The “firewall-cmd” is a command line tool for managing the firewalld service in Linux. Firewalld is a firewall management tool for Linux systems that provides a dynamically managed firewall. It replaces the older iptables service and is used to control incoming and outgoing network traffic on a Linux system. The purpose of “firewall-cmd” is to allow administrators to configure and manage the firewalld services.
This article will illustrate the “firewall-cmd” command along with the most useful examples:
- Example 1: List the Firewall Rules
- Example 2: Allow a Service Through the Firewall
- Example 3: Block a Port Through the Firewall
- Example 4: Reload the Firewall Configuration
- Example 5: Get the Default Firewall Zone
- Example 6: Allow Incoming Traffic on a Specific Port
- Example 7: Allow Incoming Traffic From a Specific IP Address
- Example 8: Block Incoming Traffic From a Specific IP Address
- Example 9: Enable a Specific Service
- Example 10: Disable a Specific Service
Prerequisite: Install “firewall-cmd” Utility
The “firewall-cmd” is an essential tool for system administrators to secure their systems and control network traffic. To install this utility, execute the below script with the “sudo” privileges:
$ sudo apt install firewalld # Ubuntu, Debian and LinuxMint
$ sudo pacman -S firewalld # Arch, Manjaro
$ sudo yum install firewalld # CentOS, Fedora
The output shows that the “firewalld” utility along with all dependencies has been installed.
Example 1: List the firewall Rules
To list the firewall rules currently in effect, use the “firewall-cmd” command with the “list-all” option:
$ sudo firewall-cmd --list-all
The output displays all the firewall rules, including the default zone and the services and ports that are allowed.
Example 2: Allow a Service Through the Firewall
To allow a specific service through the firewall, use the “firewall-cmd” command by specifying the service name. In our case, “ssh” services are allowed by assigning to the “add-service” option:
$ sudo firewall-cmd --permanent --add-service=ssh
The above command allows the ssh service through the firewall.

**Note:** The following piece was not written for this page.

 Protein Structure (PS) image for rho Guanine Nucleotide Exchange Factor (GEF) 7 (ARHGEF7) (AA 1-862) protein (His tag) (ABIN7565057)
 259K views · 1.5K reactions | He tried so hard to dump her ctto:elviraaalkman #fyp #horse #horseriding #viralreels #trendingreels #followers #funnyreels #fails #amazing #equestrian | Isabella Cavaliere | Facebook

Example 3: Block a Port Through the Firewall
To block a specific port through the firewall, use the “firewall-cmd” command by assigning a port number to the “remove-port” option. For instance, the below command blocks the “port 80” for the “tcp” protocol:
$ sudo firewall-cmd --permanent --remove-port=80/tcp
The output shows that “port 80” has been blocked for the “tcp” protocol.
Example 4: Reload the Firewall Configuration
To reload the firewall configuration without disrupting existing connections, execute the “firewall-cmd” command with the “reload” option:
$ sudo firewall-cmd --reload
The above command reloads the firewall and applies any changes to the firewall rules.

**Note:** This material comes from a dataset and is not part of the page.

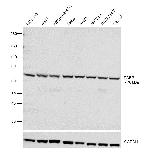 PABPC1 Antibody in Western Blot (WB)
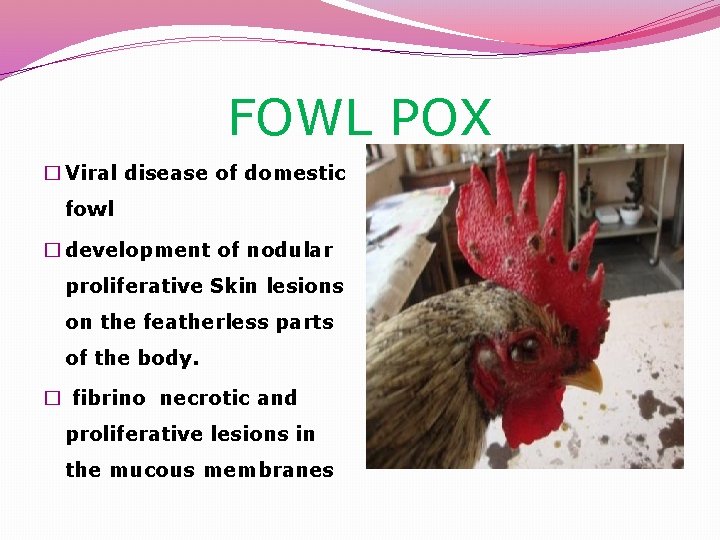 FOWL POX � Viral disease of domestic fowl � development of nodular proliferative Skin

Example 5: Get the Default Firewall Zone
To display the default firewall zone, execute the “firewall-cmd” command with the “get-default-zone”:
$ sudo firewall-cmd --get-default-zone
The outcome of the above command displays the “public” firewall zone.
Example 6: Allow Incoming Traffic on a Specific Port
To allow incoming traffic on a specific port, use the “firewall-cmd” command that allows incoming traffic on the specified port by adding a new rule to the firewall. Specify the port number “80” to allow traffic:
$ sudo firewall-cmd --zone=public --add-port=80/tcp --permanent
It allows the incoming traffic on port 80.
Example 7: Allow Incoming Traffic From a Specific IP Address
To allow incoming traffic from a specific IP address, specify the IP address “192.168.157.132” as below:
$ sudo firewall-cmd --zone=public --add-source=192.168.157.132 --permanent
This command allows incoming traffic from the specified IP address by adding a new rule to the firewall.
Example 8: Block Incoming Traffic From a Specific IP Address
To block incoming traffic from a specific IP address, specify the IP address “192.168.157.132” to block for traffic:
$ sudo firewall-cmd --zone=public --remove-source=192.168.157.132 --permanent
It blocks incoming traffic from the specified IP address by removing the corresponding firewall rule.
Example 9: Enable a Specific Service
To enable a specific service, specify the service name such as “ssh” to enable its services:
$ sudo firewall-cmd --zone=public --add-service=ssh --permanent
This command allows incoming traffic for the specified service by adding a new rule to the firewall.
Example 10: Disable a Specific Service
To disable a specific service, specify the service name such as “ssh” with the actual name of the service to disable:
$ sudo firewall-cmd --zone=public --remove-service=ssh --permanent
This command blocks incoming traffic for the specified service by removing the corresponding firewall rule.
Conclusion
Linux offers the “firewall-cmd” command to manage the firewall by allowing incoming and outgoing network traffic. Through this command, users can list down the firewall rules, allow a specific service, block a port, reload the firewall configuration, get the default firewall zone, and many more.
This article has explained the most useful examples of the “firewall-cmd” command in Linux.